Und dann drittens die Dimension des Inhalts: Ethische Grundsätze sind oft Verhaltensgebote. Das Recht formuliert zwar auch Verhaltensregeln, aber es sind oft Minimalvorschriften, also: an was muss man sich gerade noch halten, damit das Zusammenleben erträglich ist. Oder es sind Verbote: Das Strafrecht sagt, was man nicht tun darf (z.B. Körperverletzung). Ethisch geht es viel weiter: Gerade die christlichen Glaubenssätze und das Vorleben von Jesus gebieten ein Maximum: denken Sie an die gebotene Liebe zu den Feinden. Und es sind eher Gebote als Verbote.

Diese Ethik unterscheidet sich also massgebend vom Recht, das der staatliche Gesetzgeber setzt. Dass die Ethik gleichwohl Platz hat im Staat, in der Politik zeigen die Beispiele der Sozialziele. Also Werte, die der Staat auch anstrebt, für welche er sich einzusetzen hat, auch wenn deren Erfüllung nicht einklagbar ist.

Ja, was sagt denn nun die Bibel zum Verhältnis von Ethik und Politik bzw. Recht? Oft wird hier das Wort erwähnt, das Jesus gesagt haben soll, als man ihn fragte, ob es richtig sei, Steuern zu zahlen. Er sagte beim Anblick eine Münze, die das Abbild des Kaiser zeigte: «So gebt dem Kaiser, was dem Kaiser gehört, und Gott, was Gott gehört!» (Matthäus 22, 19-21). Ich möchte hier nicht zu stark interpretieren, aber es wird gesagt, darin sei das Gebot der Trennung von Staat und Kirche gemeint. Aus vielen Predigten, die ich dazu gelesen habe, kommt aber etwas Differenzierteres heraus: «Wenn Jesus sagt: Gebt dem Kaiser, was des Kaisers ist, dann heisst dies also auch: Tragt mit eurer Steuer zum Wohl der Gemeinschaft bei» (aus einer Predigt in Einsiedeln, 11.9.16, Autor unbekannt). Oder nach den Worten von Prof. Dietz Lange: «Dem Staat gehört das Geld, das er in Umlauf bringt, aber nicht die Menschen. Denn das Kaiserbild steht nur auf dem Geld. Wir Menschen aber sind Ebenbilder Gottes, so sagt es die Schöpfungsgeschichte. Wir Menschen gehören Gott. Wir müssen Gott mehr gehorchen als den Menschen.» (Göttinger Predigten im Internet, 2.11.97).

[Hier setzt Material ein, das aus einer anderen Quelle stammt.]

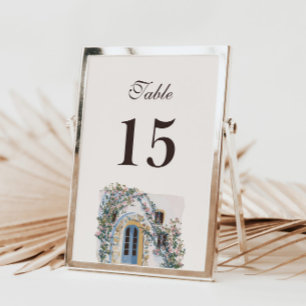 Pastel Watercolor Mediterranean Italian Wedding Table Number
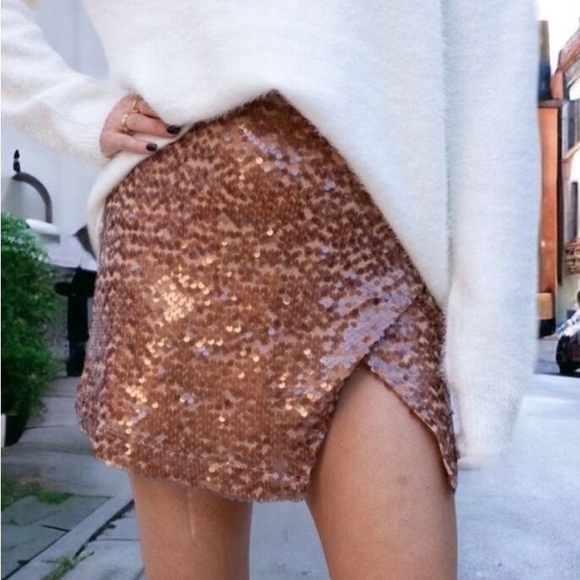 NWT RACHEL ZOE WOMEN'S FAUX WRAP SEQUIN SKIRT- TAN- X-SMALL - Picture 1 of 7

Ich meine, beides hat Platz: Kaiser und Gott, Staat und Kirche, Recht und Glaube, Ethik und Politik. Und oft leben wir auch das Miteinander, wir als Gläubige und Staatsbürger, aber auch Kirche und Staat: So bedienen sich unsere Landeskirchen des Staates, wenn es darum geht, ihre Kirchensteuern einzuziehen. Und der Staat bedient sich der Kirchen, wenn es um die Vereidigung geht, die wir in Zug jeweils nach den Gesamterneuerungswahlen in der St. Oswalds-Kirche abhalten . Oder wenn es um die Segnung bedeutender Bauwerke, wie zum Beispiel des Gotthard-Basistunnels geht.

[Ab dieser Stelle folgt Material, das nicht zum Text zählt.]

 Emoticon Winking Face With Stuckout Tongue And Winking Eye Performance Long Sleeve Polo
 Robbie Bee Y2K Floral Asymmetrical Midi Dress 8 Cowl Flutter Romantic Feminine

Ich habe Ihnen noch ein konkretes Beispiel, wie diese Ergänzung, dieses Miteinander spielen kann, ohne das Recht und Ethik gegeneinander ausgespielt werden. Und ein Beispiel, das zeigt, das Ethik eben nicht automatisch Recht ist, ja nicht Recht sein soll. Das Zitat stammt aus einer Debatte im Zuger Kantonsrat vor zehn Jahren. Es ging damals darum, wie der Kanton Zug, wie die Regierung sich gegenüber den in Zug ansässigen Rohstoffunternehmen verhält. Zum Abschluss der Beratung, bei welcher ich die Haltung des Regierungsrates vertrat, sagte ich:
«Es wird immer wieder gefordert, auch der Staat solle von einzelnen Branchen oder generell von der Wirtschaft ethisches oder moralisches Verhalten verlangen. Vor gut einem Jahr hat der Regierungsrat bei der Beantwortung einer anderen Interpellation klipp und klar gesagt, was er erwartet . Er erwartet von den Unternehmen die Einhaltung der internationalen Standards, der Menschenrechte und Umweltnormen; er erwartet einen anständigen Dialog mit der Bevölkerung vor Ort und bei Konflikten eine gewaltfreie Konfliktlösung. Das sind klare Erwartungen. Erwartet man darüber hinaus die Einhaltung ethischer Normen, die über die Gesetzgebung, über die Menschenrechte, über international verankerte Standards hinausgehen, kommt man in einen Bereich, welcher die staatlichen Normen übersteigt. Da muss die Gesellschaft den Finger darauflegen, weshalb es richtig ist, dass kritische Organisationen wie die «Erklärung von Bern» oder das Fastenopfer diese Themen aufnehmen und dabei auch Massstäbe anlegen, welche die staatlichen und internationalen rechtlich verbindlichen Massstäbe übersteigen. Wollte aber der Staat ethische Regeln fixieren, die zudem je nach Ort, Geschichte oder Mentalität einzeln zu definieren wären, dann gäbe es keinen Raum mehr für gesellschaftlich individuelle Ethik. Das aber würde zum totalitären Staat führen, den alle hier ablehnen.» (Regierungsrat Matthias Michel, Protokoll Kantonsrat Zug vom 7. Nov. 2012 zur Interpellation der SP-Fraktion betreffend Massnahmen gegen Missstände in der Rohstoffbranche, Vorlage Nr. 2246.1 – 14321).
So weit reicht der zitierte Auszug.